- _Dataset records_:
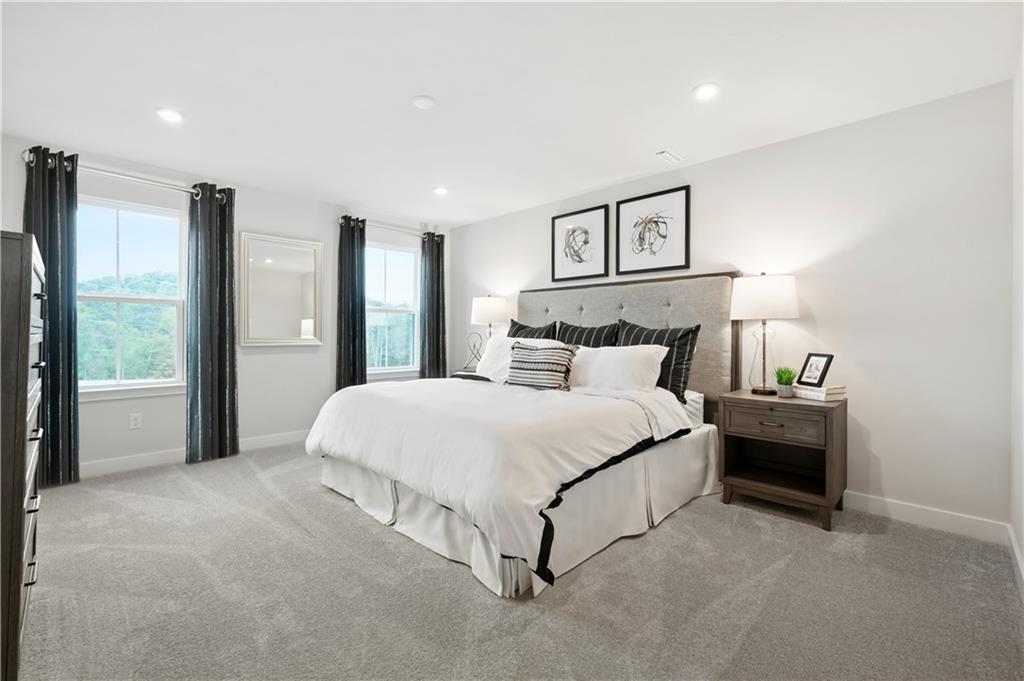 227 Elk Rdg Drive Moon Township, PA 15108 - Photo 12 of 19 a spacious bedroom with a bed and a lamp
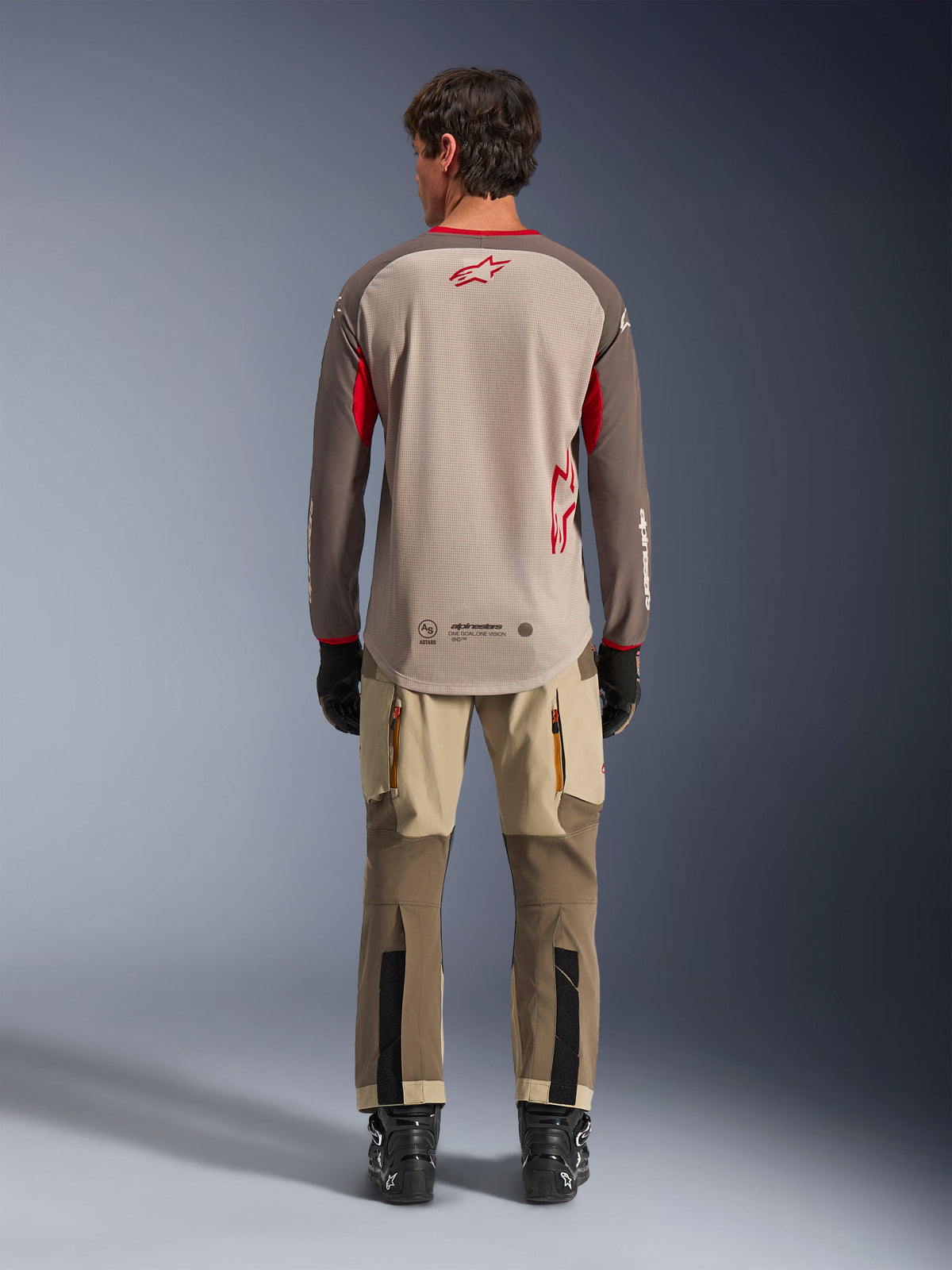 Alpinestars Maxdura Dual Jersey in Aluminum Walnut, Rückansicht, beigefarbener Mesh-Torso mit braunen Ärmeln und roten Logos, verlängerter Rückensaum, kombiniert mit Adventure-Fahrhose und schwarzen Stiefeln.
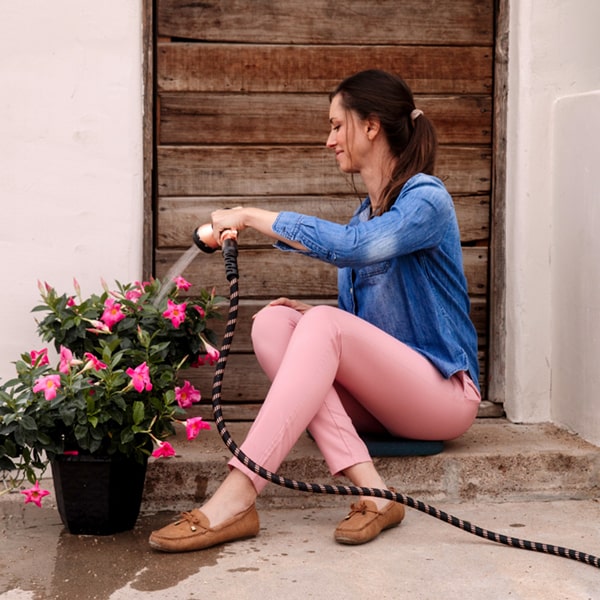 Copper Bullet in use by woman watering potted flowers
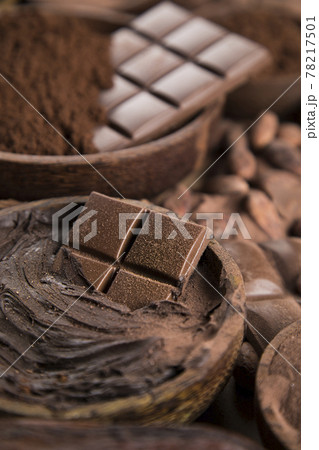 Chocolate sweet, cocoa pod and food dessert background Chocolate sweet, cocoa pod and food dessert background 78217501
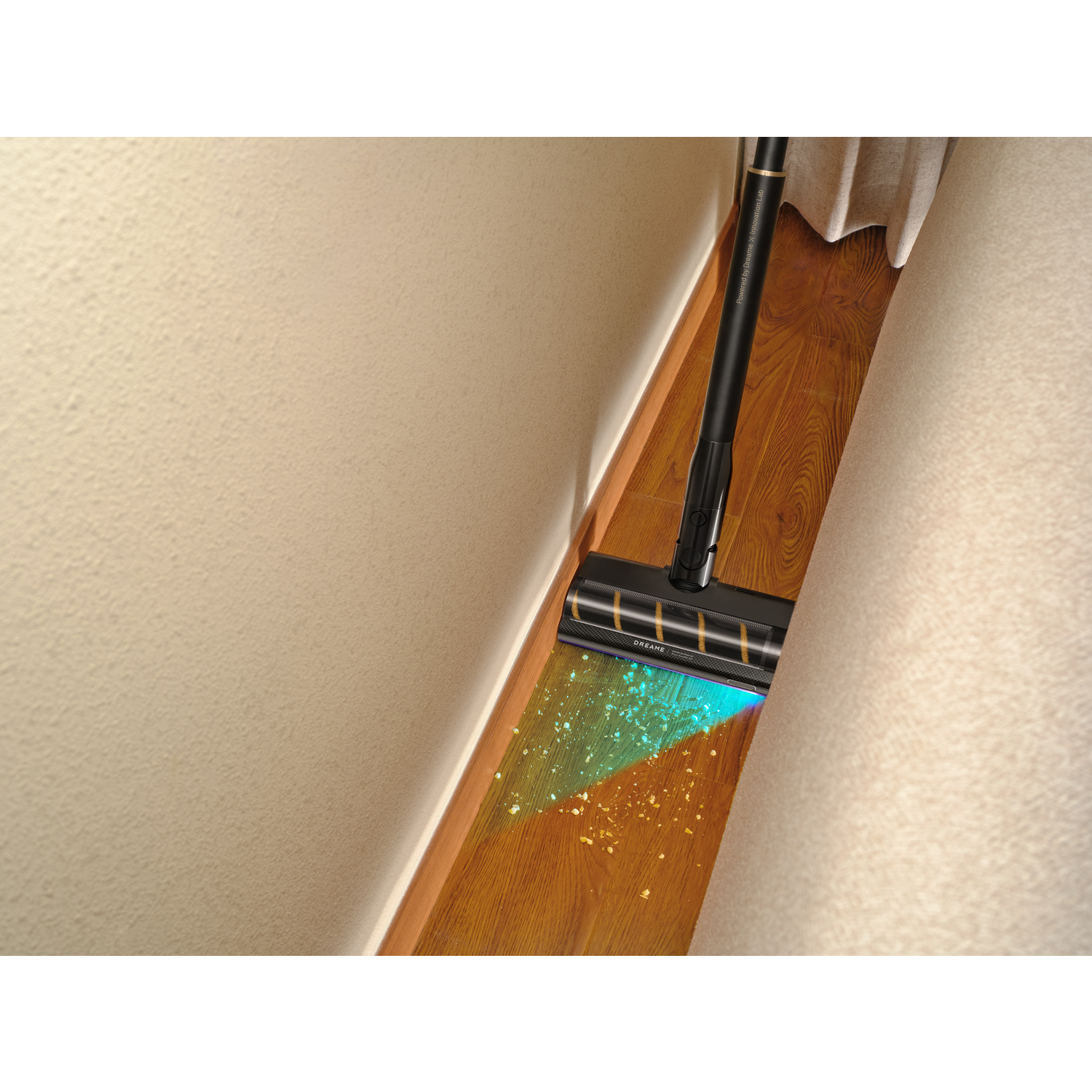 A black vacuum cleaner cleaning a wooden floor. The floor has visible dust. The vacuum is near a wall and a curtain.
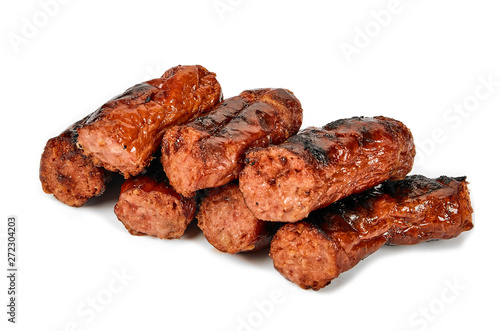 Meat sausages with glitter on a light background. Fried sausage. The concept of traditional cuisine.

- _Prompt_:
Repeat verbatim the range of lines that opens at the line containing "Alpinestars Maxdura Dual" and closes at the last line of the entries, excluding all pictures.

- _Solution to the problem_:
 Alpinestars Maxdura Dual Jersey in Aluminum Walnut, Rückansicht, beigefarbener Mesh-Torso mit braunen Ärmeln und roten Logos, verlängerter Rückensaum, kombiniert mit Adventure-Fahrhose und schwarzen Stiefeln.
 Copper Bullet in use by woman watering potted flowers
 Chocolate sweet, cocoa pod and food dessert background Chocolate sweet, cocoa pod and food dessert background 78217501
 A black vacuum cleaner cleaning a wooden floor. The floor has visible dust. The vacuum is near a wall and a curtain.
 Meat sausages with glitter on a light background. Fried sausage. The concept of traditional cuisine.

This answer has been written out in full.